According to GWR, trains could eventually run every half hour to the new arena, but this depends on first getting the funding for the upgrades. The current infrastructure cannot run a 15-minute train service, vastly reducing how many passengers can travel to and from gigs.

How North Filton train station, next to the new arena, would look (Network Rail/YTL)

A spokesman for GWR said: “Services will initially be hourly, with a plan to increase to half-hourly either all day or for evening events, subject to funding. We cannot deliver a 15-minute frequency on the current infrastructure.”
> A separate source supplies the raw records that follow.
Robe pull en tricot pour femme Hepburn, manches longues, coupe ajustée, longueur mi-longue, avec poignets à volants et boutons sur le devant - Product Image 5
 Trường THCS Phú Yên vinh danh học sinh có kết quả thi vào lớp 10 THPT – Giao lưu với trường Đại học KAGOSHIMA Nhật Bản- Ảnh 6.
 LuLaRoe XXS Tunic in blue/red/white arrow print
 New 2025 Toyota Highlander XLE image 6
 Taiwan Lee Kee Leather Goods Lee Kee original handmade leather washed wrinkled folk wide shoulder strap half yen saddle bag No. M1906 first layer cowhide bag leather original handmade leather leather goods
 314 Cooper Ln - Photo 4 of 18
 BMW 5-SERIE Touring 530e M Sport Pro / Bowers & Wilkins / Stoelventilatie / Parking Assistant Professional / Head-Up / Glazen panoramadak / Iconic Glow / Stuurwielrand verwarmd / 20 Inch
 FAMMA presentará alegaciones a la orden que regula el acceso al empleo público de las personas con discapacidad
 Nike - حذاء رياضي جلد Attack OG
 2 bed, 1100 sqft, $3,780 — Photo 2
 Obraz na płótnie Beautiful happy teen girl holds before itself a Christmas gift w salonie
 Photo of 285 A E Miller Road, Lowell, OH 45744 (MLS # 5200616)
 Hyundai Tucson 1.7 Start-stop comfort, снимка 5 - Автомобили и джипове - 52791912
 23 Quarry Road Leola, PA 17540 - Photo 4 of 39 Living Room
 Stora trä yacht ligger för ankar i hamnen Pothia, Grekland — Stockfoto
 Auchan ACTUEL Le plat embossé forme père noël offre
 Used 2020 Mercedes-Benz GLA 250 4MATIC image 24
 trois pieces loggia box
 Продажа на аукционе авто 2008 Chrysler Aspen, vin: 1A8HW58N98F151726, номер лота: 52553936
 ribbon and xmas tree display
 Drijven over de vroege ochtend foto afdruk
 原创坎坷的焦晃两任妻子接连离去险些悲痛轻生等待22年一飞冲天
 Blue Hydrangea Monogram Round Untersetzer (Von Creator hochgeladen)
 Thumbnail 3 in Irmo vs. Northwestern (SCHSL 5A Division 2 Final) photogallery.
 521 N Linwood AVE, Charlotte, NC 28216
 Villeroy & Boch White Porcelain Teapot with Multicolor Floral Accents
Much further down the line, early stage plans include completing the Henbury Loop by introducing a new service from North Filton and Henbury along an old existing railway to Avonmouth. This would loop back to other Bristol stations like Clifton Down and Montpelier. A future mass transit system could also include a station at the Brabazon development.

But in the meantime, thousands of people travelling to the YTL Arena will not be able to get directly there by train. Three existing stations are nearby, at Parkway, Filton and Patchway, but these are all about half an hour from the arena on foot. Shuttle buses will also travel to the arena, and a large car park will be built.

Despite the transport issues, Bristol mayor Marvin Rees recently called the arena “Europe’s most sustainable”, during his State of the City Address on Wednesday, October 26. Before he came to office, the previous plan was to build a 12,000-capacity arena next to Temple Meads, a much larger and already existing train station.

The entrance to the new station. (YTL Developments)

He said: “When we came to office, we inherited the components of a plan to deliver a city centre arena, but began to discover the numbers were unravelling. We were faced with borrowing over £160 million to build an arena with a 35 year break-even financial model with all the risk held by council taxpayers.

“The political wind from the council chamber, the Twitterati and commentariat supported building the arena there against the financial intelligence. We could have proceeded with the decision based on this political noise or we could make the right decision based on that financial evidence.

“If we had built the arena, we would have carried that debt and the new building into the lockdown. The financial and reputational consequences of that would have been considerable, to put it mildly. Instead, we now get homes, a hotel, conference centre and jobs on Temple Island, and the UK’s third largest and Europe’s most sustainable arena.”